# musky stocking in KY



## Mason52 (Aug 21, 2009)

Here is a video about Kentucky musky stocking that shows the process. Pretty cool.... don't know if it's been on here or not, but Ohio's is similar and it will give you an idea as to what is involved.
http://www.google.com/url?sa=t&rct=...4IDoDQ&usg=AFQjCNGIYnTEtQaLVv9eoZSlZHqaLd346Q


----------



## backlashed (Mar 19, 2011)

Great video. Rather shocking to see how they catch the adult muskie.


----------



## Mason52 (Aug 21, 2009)

I was interested in how they handle the fish and how many times they handle them during the process.

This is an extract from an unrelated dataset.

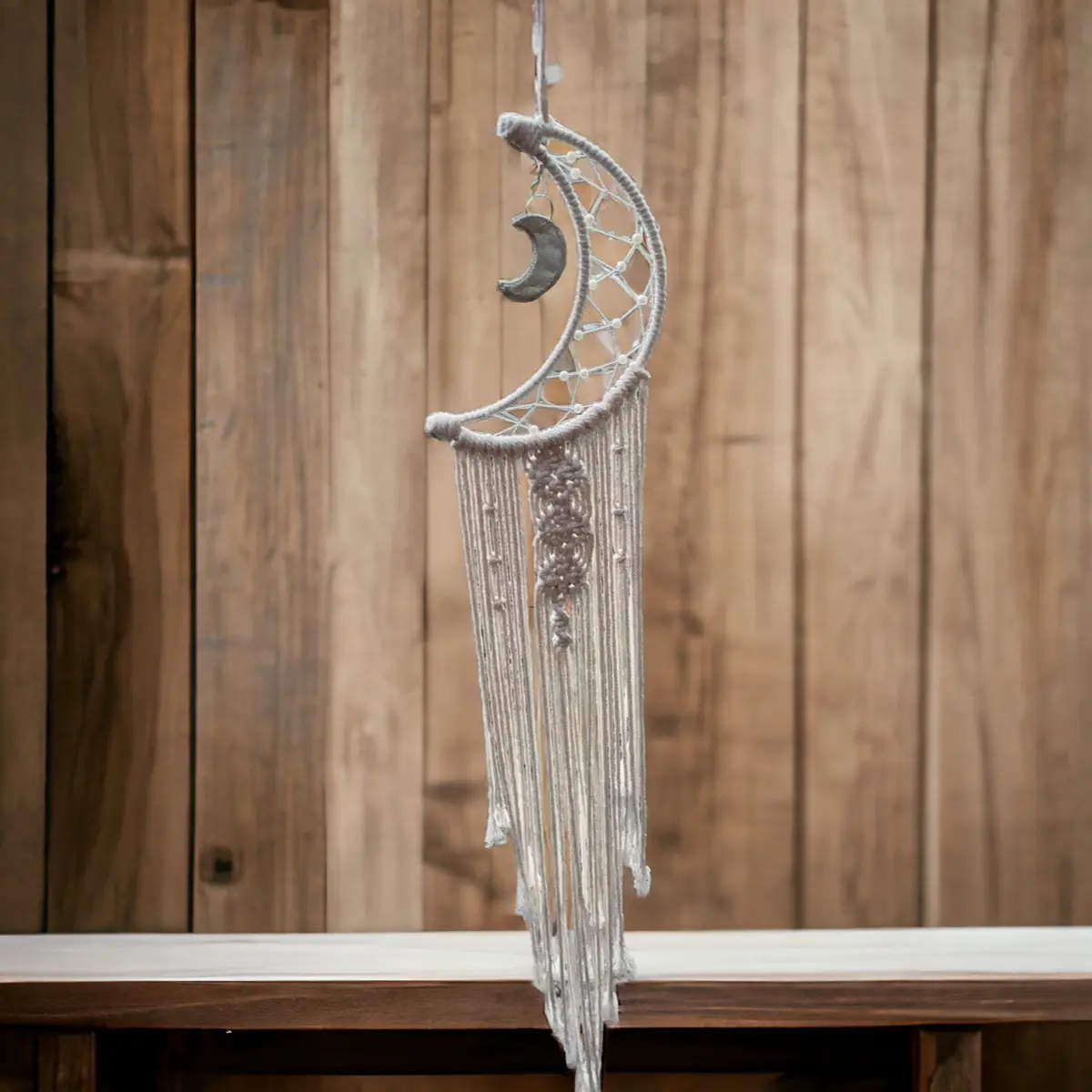 Moon Dream Catcher with lights Handmade Macrame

Also am curious as to why they stock the river fish at 9" instead of waiting till they get to the normal size of 11-13 or so inches that go into the lakes.

They were out shocking C C about a month ago and do know of at least one muskie they shocked up


----------



## ShutUpNFish (Apr 17, 2007)

Great video...

It goes to show how much more resilliant these fish really are...Much more than what most people give them credit for.


----------



## Ol'Bassman (Sep 9, 2008)

ShutUpNFish said:


> Great video...
> 
> It goes to show how much more resilliant these fish really are...Much more than what most people give them credit for.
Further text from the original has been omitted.